To convert date (m/d/y format) into 3 separate columns,consider the df,
df <- data.frame(date = c("01-02-18", "02-20-18", "03-23-18"))
df
date
1 01-02-18
2 02-20-18
3 03-23-18
Convert to date format
df$date <- as.Date(df$date, format="%m-%d-%y")
df
date
1 2018-01-02
2 2018-02-20
3 2018-03-23
To get three seperate columns with year, month and date,
library(lubridate)
df$year <- year(ymd(df$date))
df$month <- month(ymd(df$date))
df$day <- day(ymd(df$date))
df
date year month day
1 2018-01-02 2018 1 2
2 2018-02-20 2018 2 20
3 2018-03-23 2018 3 23
Hope this helps.
Hi Gavin: another way [using your idea] is:
The data-frame we will use is oilstocks which contains a variety of variables related to the changes over time of the oil and gas stocks.
The variables are:
colnames(stocks)
"bpV" "bpO" "bpC" "bpMN" "bpMX" "emdate" "emV" "emO" "emC"
"emMN" "emMN.1" "chdate" "chV" "cbO" "chC" "chMN" "chMX"
One of the first things to do is change the emdate field, which is an integer vector, into a date vector.
realdate<-as.Date(emdate,format="%m/%d/%Y")
Next we want to split emdate column into three separate columns representing month, day and year using the idea supplied by you.

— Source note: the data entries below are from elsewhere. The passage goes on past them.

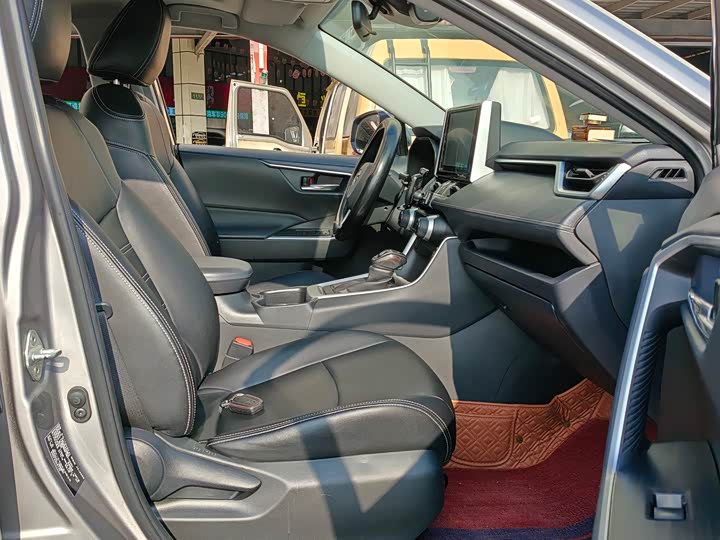 Фото 7 - Toyota RAV4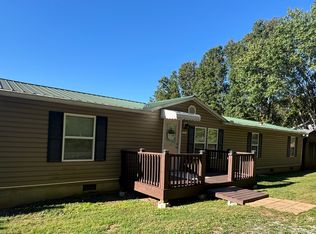 1418 E Pearly Smith Rd, Louisville, TN 37777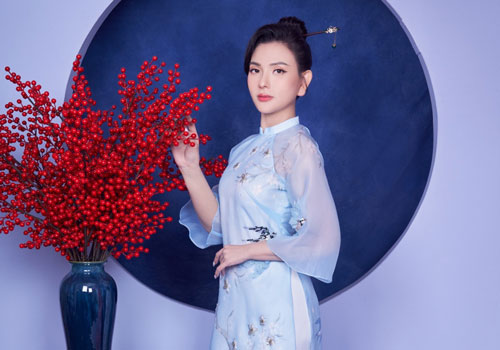 Thu Thủy diện áo dài nền nã đón Tết cổ truyền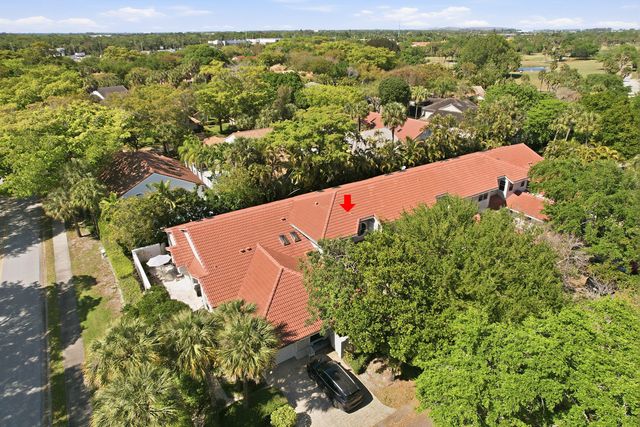 4115 Carriage Drive P2, Pompano Beach, FL 33069
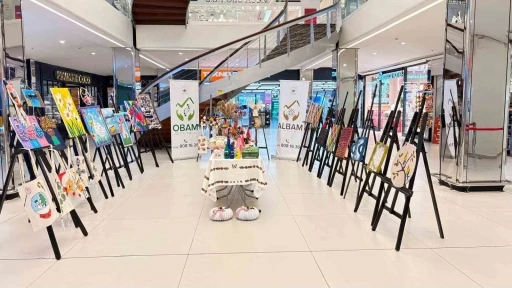 &Ouml;zel bireylerden g&ouml;z kamaştıran sergi
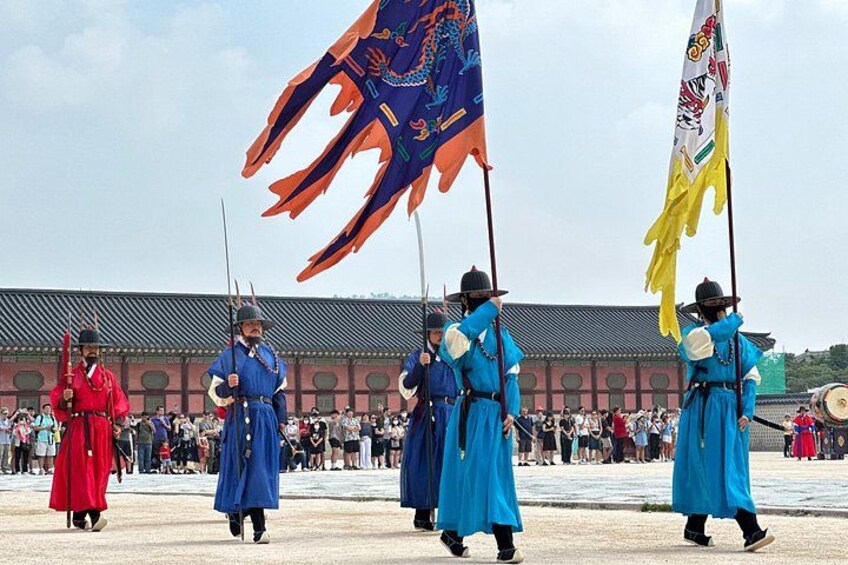 Seoul City Half Day Tour-Gyeongbok Palace Guard Changing Ceremony 2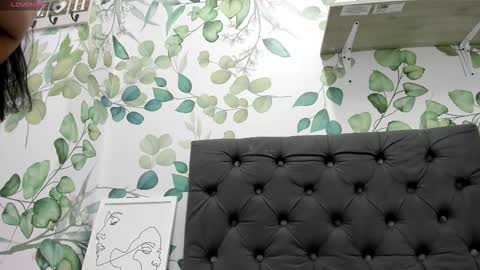 Atilana Diaz online show from November 6, 2025, 6:09 pm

> dfdate <- data.frame(date=realdate)
year=as.numeric (format(realdate,"%Y"))
month=as.numeric (format(realdate,"%m"))
day=as.numeric (format(realdate,"%d"))
ls() will include the individual vectors, day, month, year and dfdate.

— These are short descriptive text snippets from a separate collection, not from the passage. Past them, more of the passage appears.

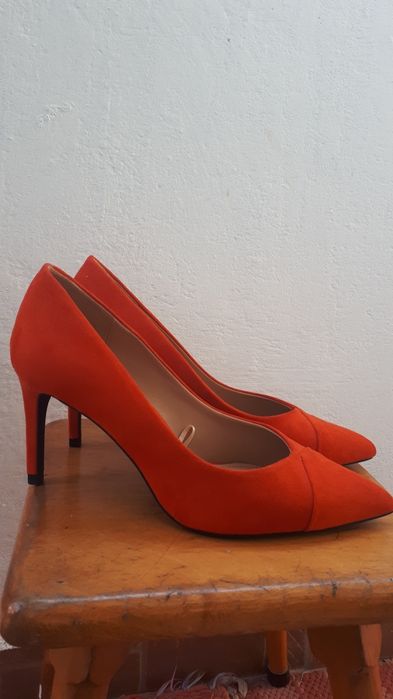 Pantofi Zara elegant cu toc  50 ron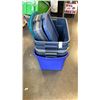 Image 1 : 5 TOTES WITH LIDS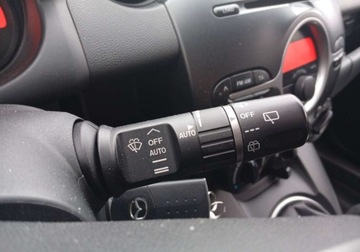 Mazda 2 II Hatchback 5d 1.3 86KM 2010 Mazda 2 Bezwypadkowy - klimatyzacja - benzyna 1,3 - 86 KM 1.3 Benzyna 86KM, zdjęcie 30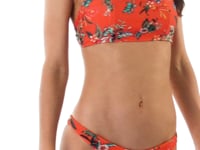 Laad en speel video af in Gallery-viewer, Video: Rio De Sol Set Set Wildflowers Bra-Sport Lisboa
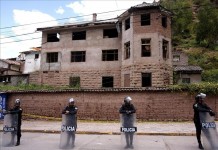 Fotografía cedida por Andina este 1 de mayo, de policías custodiando la casa donde fue hallado el cuerpo del ciudadano chileno Ramón Gustavo Castillo Gaete, líder de una secta y buscado en su país por matar a un bebé recién nacido. EFE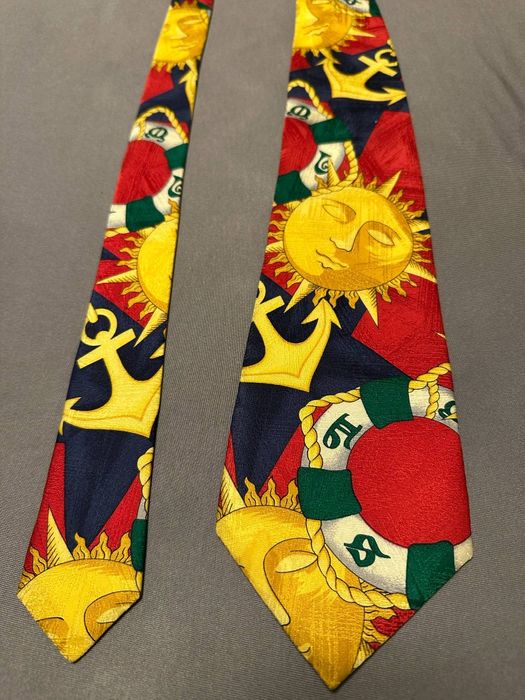 Колекция от 100 маркови вратовръзкиGucci,Dior,Kenzo,Yves Saint Laurent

Now merge the dfdate, day, month, year into the original data-frame [stocks].
ostocks<-cbind(dfdate,day,month,year,stocks)
colnames(ostocks)
"date" "day" "month" "year" "bpV" "bpO" "bpC" "bpMN" "bpMX" "emdate" "emV" "emO" "emC" "emMN" "emMX" "chdate" "chV"
"cbO" "chC" "chMN" "chMX"
Similar results and I also have date, day, month, year as separate vectors outside of the df.